I've just received a copy of the Superior Court of CA, County of SAC, first phase Ruling by Superior Court Judge Michael Kenny. Judge Kenny said the CA HSRA "abused its discretion by approving funding plan that did not comply with the requirements of the law." Ref Case No 34-2011-00113919-CU-MC-GDS. The plaintiffs and Petitioners being John Tos and Aaron Fukuda, County of Kings.

The Petitioners challenge the validity of the funding plan the Authority approved back in Nov. 2011. They also assert and Judge Kenny stated that the "Authority abused its discretion by approving a funding plan that did not comply with the requirements of law. Specifically, the identification of the sources of all funds to be invested in the IOS and the certification regarding completion of necessary project level environmental clearances did not comply with the requirements set forth in the plain language of Section 2704.08(c)(2), subsections (D) and (K)." Source. Page 7.

The Authority "failed to comply with certain statutory requirements governing the content of the funding plan." Without going into all the ruling legalese, the Petitioner states that "the HSRA violates Section 2704.08(c)(2) of the funding plan including the requirement to complete all necessary project level environmental clearances necessary to proceed."
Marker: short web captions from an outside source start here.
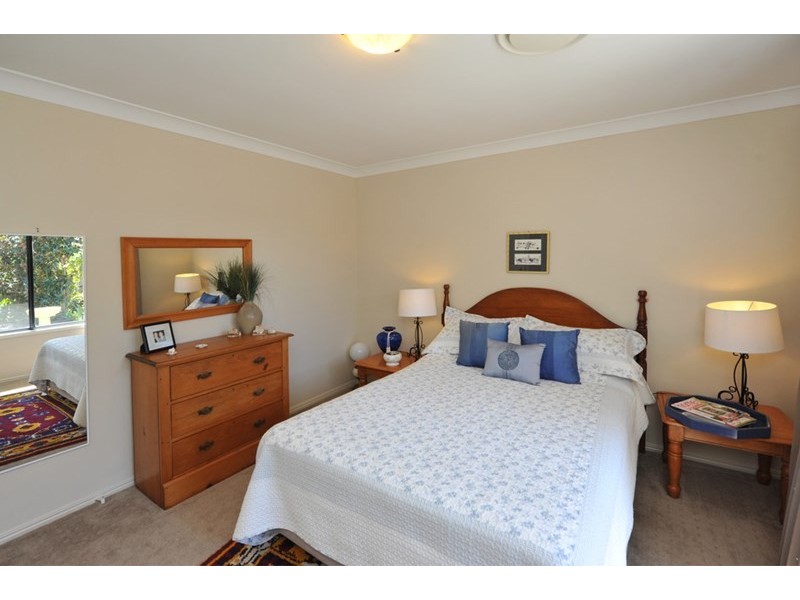 5 Weis Crescent, Middle Ridge QLD 4350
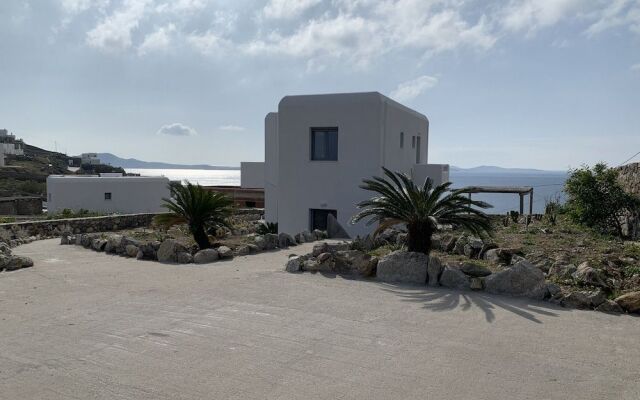 Nikoi Villas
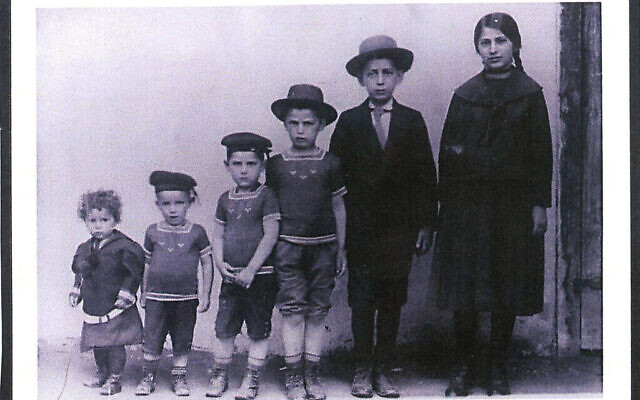 Les enfants Unreich de Bratislava, en Tchécoslovaquie, en 1913. Zalman est le plus jeune, à gauche. (Autorisation :  David Baron)
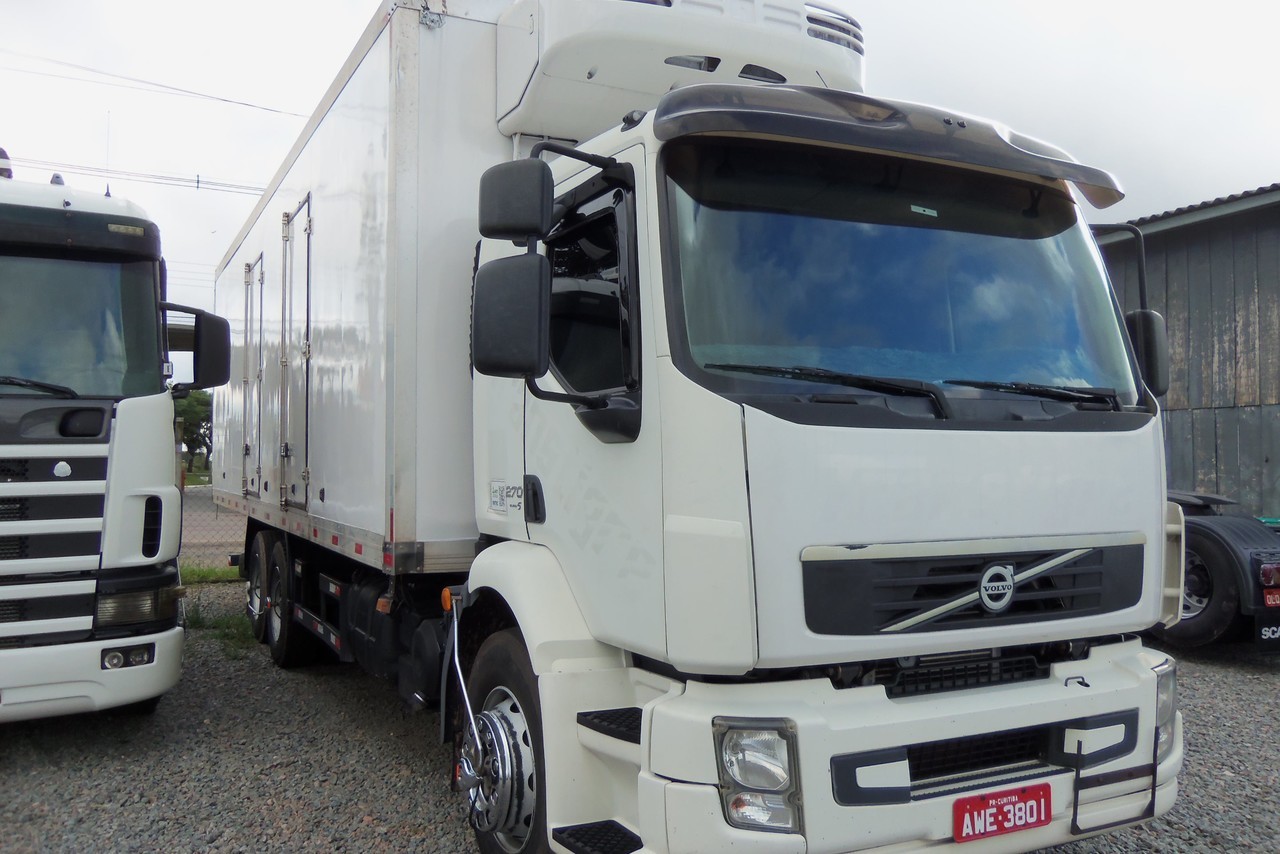 Volvo VM 270 - 12/12 2
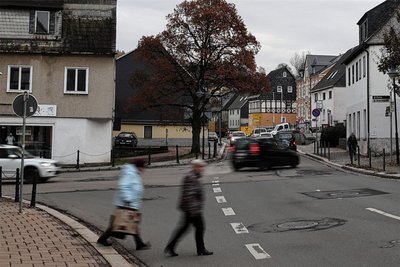 Um diese Unfallkreuzung in der Ortsmitte von Grünhain geht es.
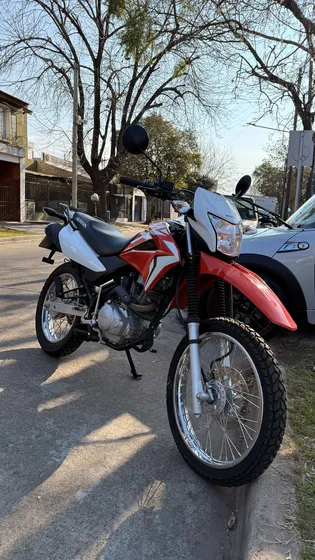 Vendo Honda Xr 150 Con 4700 Km Titular !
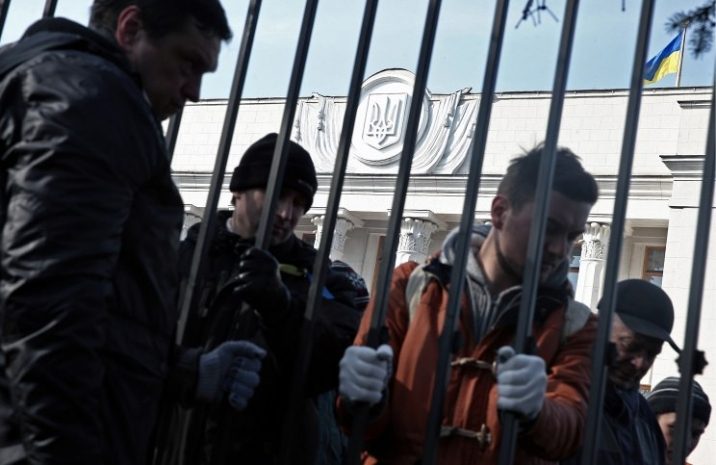 Родственники украинских солдат пикетируют здание Верховной Рады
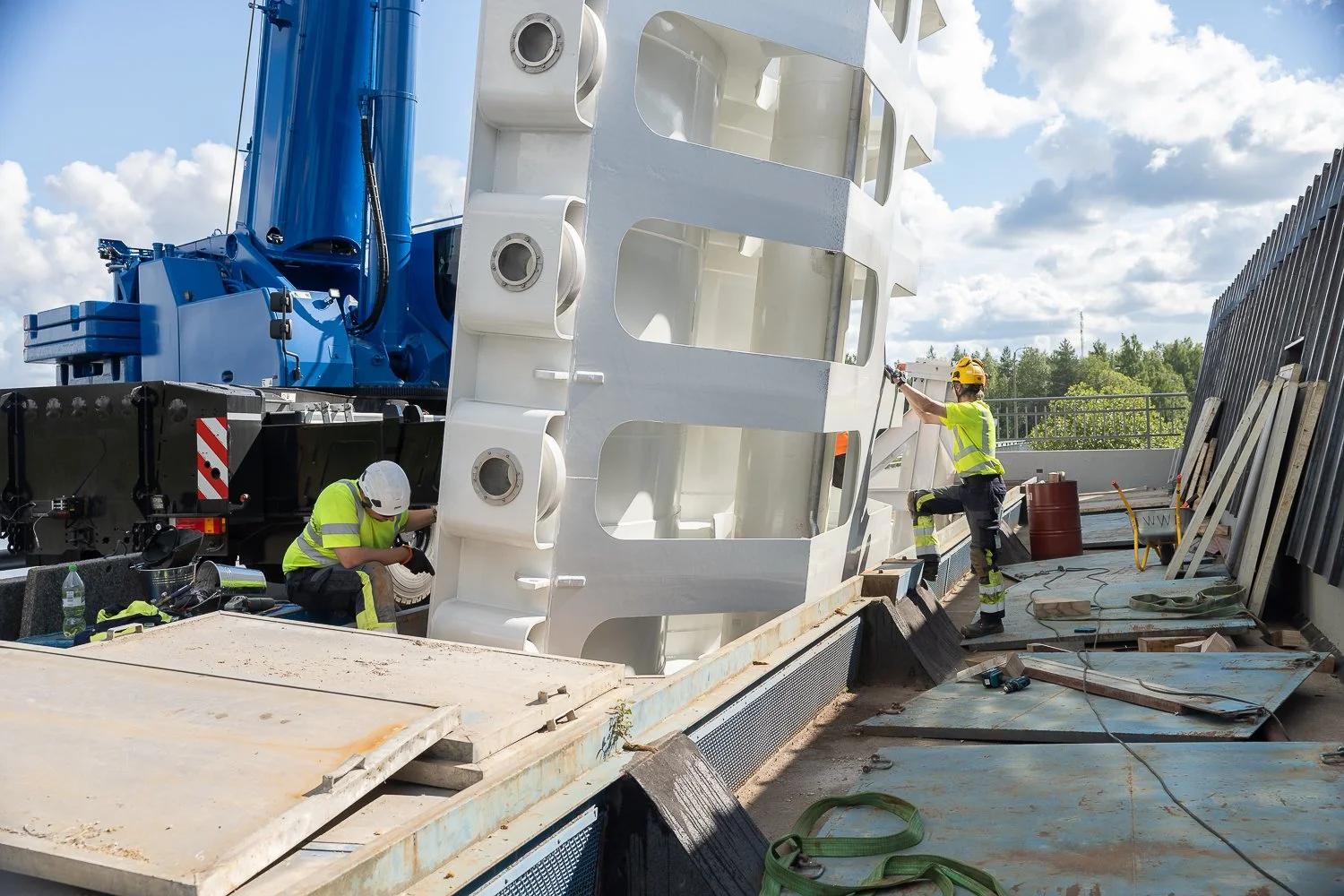 Reference images and video for West Welding Oy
Reading further on Page 14 of the Ruling, it states: The Court further notes that Section 2704.08(d) requires the Authority, prior to committing any proceeds of bonds for the project, to prepare and approve a second funding plan and submit it to the Director of Finance and the Chairperson of the Joint Legislative Budget Committee, along with a report prepared by independent parties. That subdivision also provides that the Authority may not enter into commitments to expend bond funds and accept offered commitments from private parties until the Director of Finance finds that the plan is likely to be successfully implemented as proposed.

Proposition 1A thus appears to preclude the Authority from committing or spending bond proceeds on the high-speed rail project until a second funding plan is prepared and approved, except for expenditures falling within the terms of subdivision (g).

The Court cannot determine whether a writ should issue to invalidate subsequent approvals by the Authority or other respondents (and thus, whether a writ should issue to invalidate the funding plan) until it is able to determine what subsequent approvals have been made, and whether such approvals involve the commitment of proceeds of bonds or expenditures of bond proceeds within the scope of Section 2704.08".

What is the next step? "The parties are directed to meet and confer and contact the Clerk of this Department to set a date for a hearing on the remedy issues addressed in the supplemental briefing, and to meet and confer to arrange a briefing schedule."

Folks. This is a complex Case in that we have both Prop 1A overlapped by SB1029 that was approved on July 18, 2012, where the state appropriated State Bond Funds. Let's not forget this is Gov. Brown's legacy that could cost the taxpayers billions of dollars that should be designated to fixing our crumbling roads and bridges. We just heard that the Feds are not ponying up any additional funds for high-speed rail in California.